[from Bombsite]
I randomly fell upon a PBS show
"Art in the 21st Century" a few weeks ago. I will warn you that the intro is very long and boring and totally misrepresents how cool the content is. The episode I fell on is this one,
Transformation," and it featured
Paul McCarthy,
Yinka Shonibare and
Cindy Sherman. Aside from the first, I'm familiar with Shonibare and Sherman.
When I went to the Modern Art museum in Stockholm last September, one of the most intriguing works was Shonibare's
Un Ballo in Maschera. Scroll to about 2:19 to see a clip of it. Or if not, you'll have to bear with attempting to describe what I watched:
The setting was a masquerade ball thrown by some sort of old royalty. The men wore powdered wigs and cropped pants; the women puffy pompadours and huge ballgowns. Except instead of the typical silks and satins, the clothing of everyone is made of traditional African fabric. Initially, there's just noblemen and noblewomen dancing and then enters a person who looks like the court jester. This person eventually gets shot by a noblewoman. And the whole thing starts over from the beginning, over and over again.
The choreography is done in a way that it naturally reloops, so the jester comes back alive over and over again. Honestly, I probably stood there for 10 minutes and watched the jester come back alive maybe four times. For me it was just fascinating visually... the dancing, the beautiful costumes, the suspense before the jester is murdered (yes, even after four times, I still felt suspenseful. Maybe I'm just easily amused).
But after watching his bit on the PBS show, I was amazed with all the facets this piece presents that I didn't realize at the time. I figured from the European-style clothing made with African fabrics, there was probably some commentary going on with European colonialism. Below is a more obvious example of that idea.
[Scramble for Africa by Shonibare via Who Killed Bambi]
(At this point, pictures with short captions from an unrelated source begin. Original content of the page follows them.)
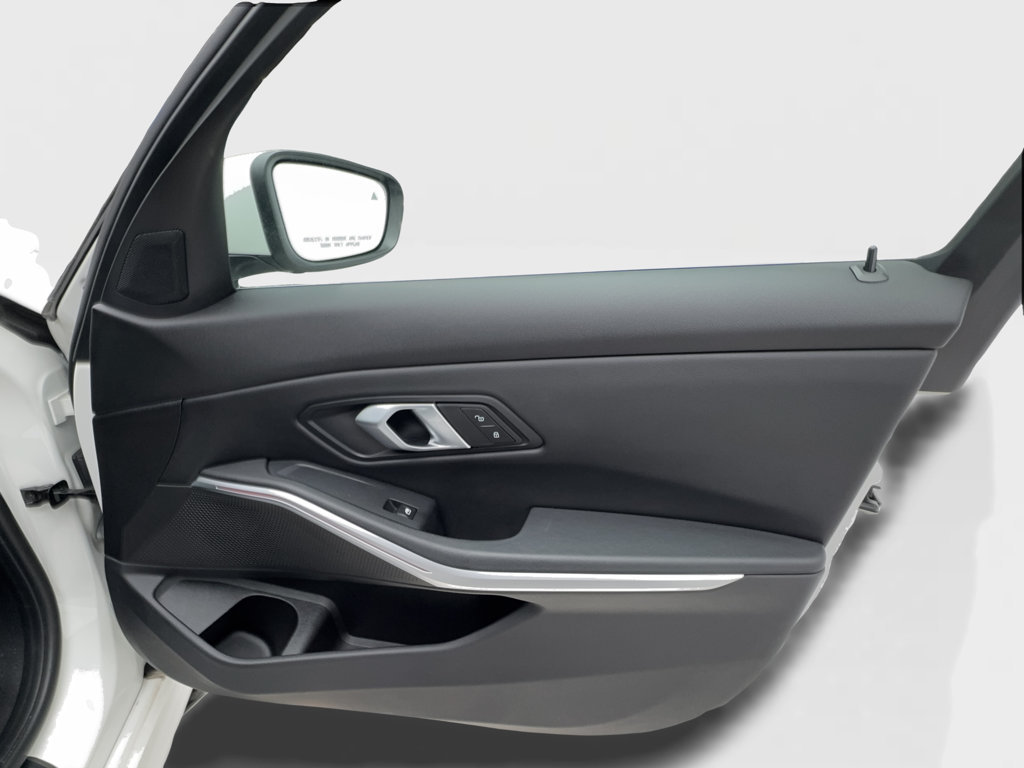 Used 2025 BMW 330i Sedan RWD image 35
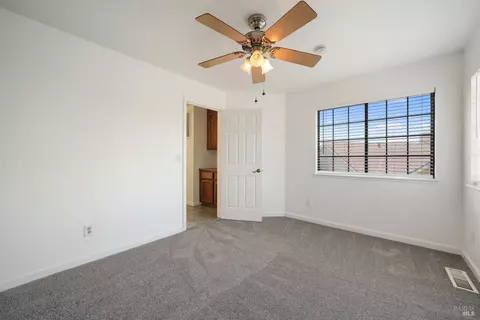 Bedroom - 891 Wellfleet Dr, Vallejo, CA 94591 photo 11 of 16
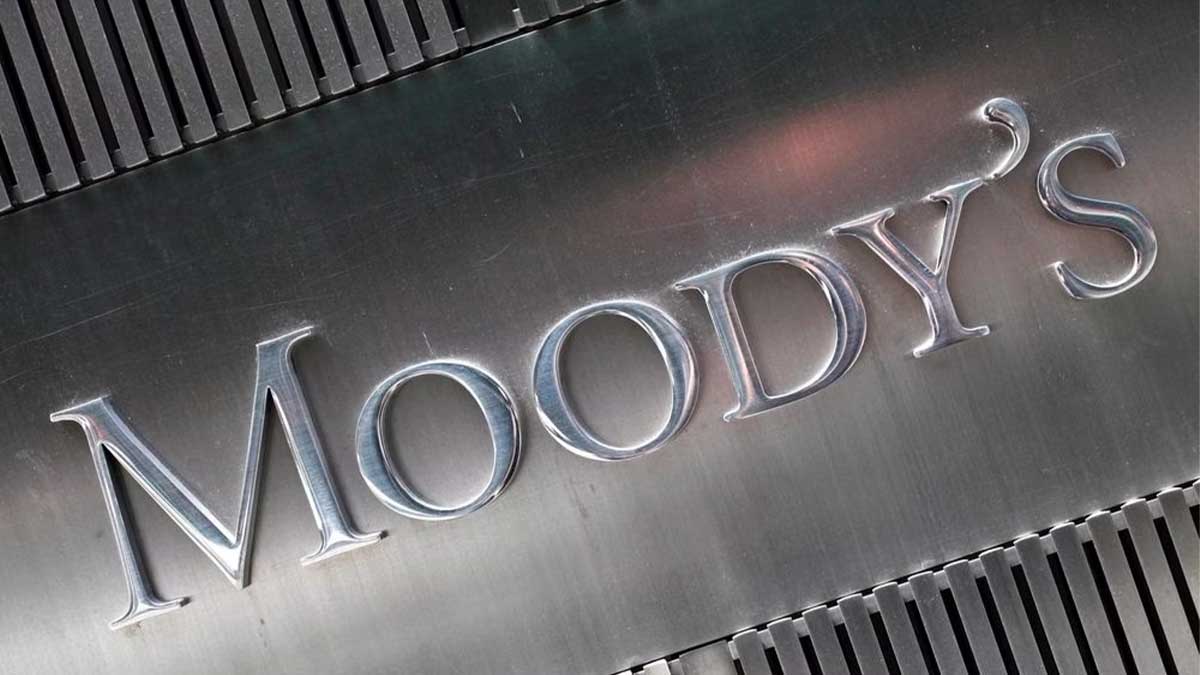 Moody's знижує кредитний рейтинг США через критичне зростання боргу
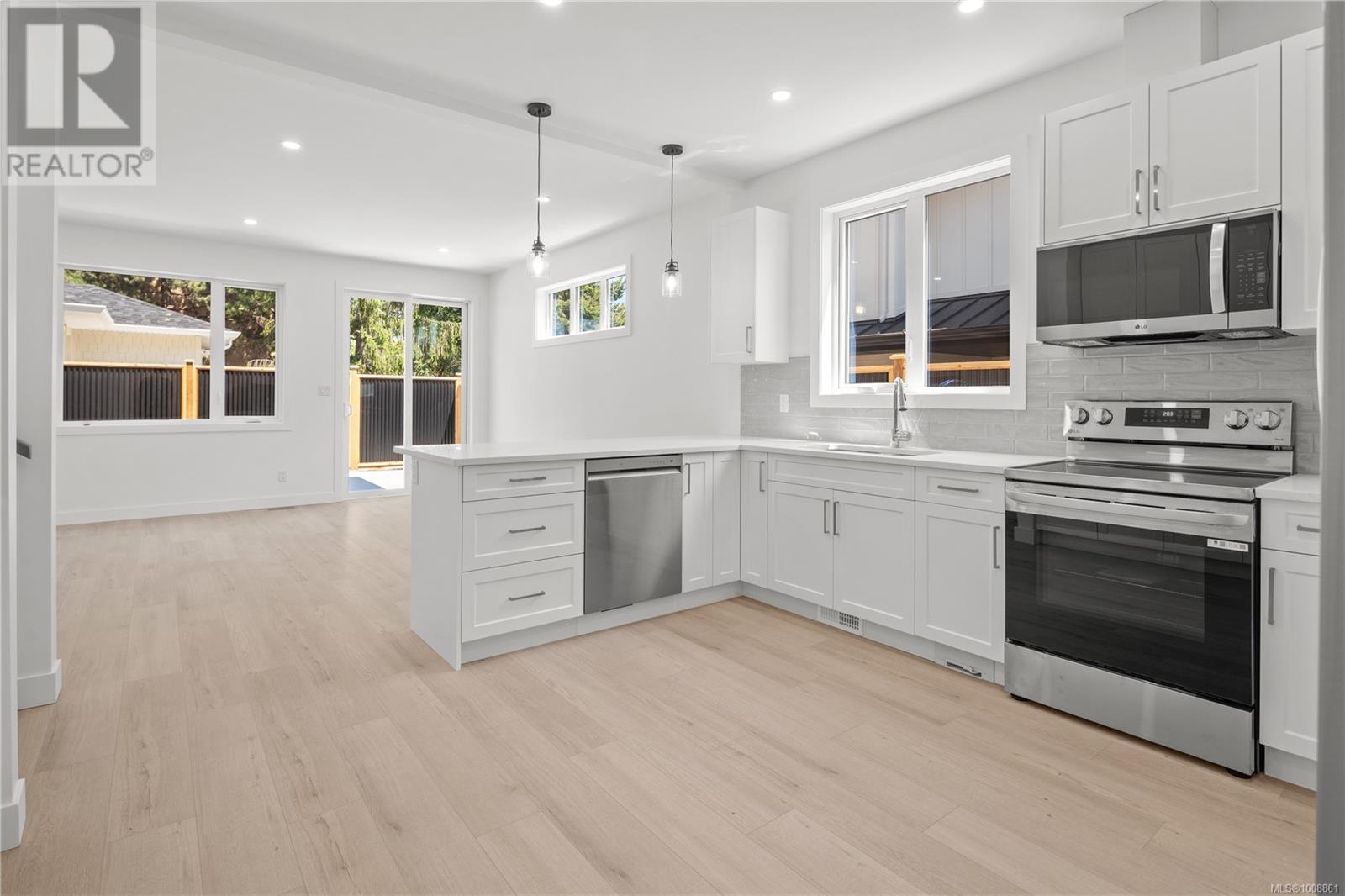 Photo 10 of B 568 Kay St, Saanich BC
Here's Shonibare explaining
Un Ballo in Maschera in
an interview with Bombsite.
AD That’s quite a nice phrase—”fantasies of empowerment”—very Fanon-esque. I’m interested in this notion of carnivalesque masquerade, the way it inverts power relations. Do you see the political itself as a masquerade?
YS Well, Un Ballo in Maschera, believe it or not, was inspired by the current global situation, particularly the war in Iraq. I was thinking about King Gustav III of Sweden, who was fighting many wars on many fronts—with Russia, with Denmark—and spending a lot of money; as a result of this high spending, his population was impoverished, suffering. He was also an actor and a dandy, and he started the art academies in Sweden. He modeled himself on the French court and only spoke French. But he was fiddling while Rome was burning. There was a conspiracy to kill him. He loved masked balls, and he loved the theater, and it was while he was at one of those balls that he was assassinated. So I used him as a metaphor for power and its deconstruction. But there is an opportunity within my film for redemption. Things that happen get undone: the king gets killed, but he gets up again, and at the end of the film he steps backward, out of the scene. And, of course, I also played with gender positions, changing them around. The “power” in my film is a woman, and the assassin is also a woman dressed as a man.
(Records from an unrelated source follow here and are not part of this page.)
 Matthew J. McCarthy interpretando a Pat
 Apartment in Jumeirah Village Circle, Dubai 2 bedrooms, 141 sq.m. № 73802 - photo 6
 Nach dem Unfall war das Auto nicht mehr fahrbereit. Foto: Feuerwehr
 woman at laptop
Structurally, I didn’t want a narrative that was beginning, middle, end; I wanted to look formally at the way film is presented. In the museum setting, films are usually played in a loop. What I decided to do with this film was to ask all the actors to act the idea of the loop. What you see when the action comes around again is actually a reenactment of what went before; it’s not an electronic loop, it’s imitating one. I wanted the audience to participate, to try to work it out: Okay, the second time around, that actor was not quite where he was before. It was a way of looking at formal repetition and also the way history repeats. From the Roman to the Ottoman Empire, we have this repetition of power that always returns to the same point—the ambition to expand imperially is not very different from what’s going on now. As an artist, I won’t take a moral position; I think it’s important not to work for any one side politically. You need to keep your objectivity, unless you’re in Stalinist Russia. But what you can do is place a number of options in front of people so that they can think through them.
Hm... a bit of a long post. Maybe it's one that I posted just for me. Hahaha. But honestly, I would watch this show; I'm tempted to shell out the $1.99 to buy it on iTunes. The Cindy Sherman part was fascinating too. I was introduced to her in an Italian Renaissance art class, where we interpreted gender roles of the period through painting and various readings. I always wondered what her deal was exactly and now I know!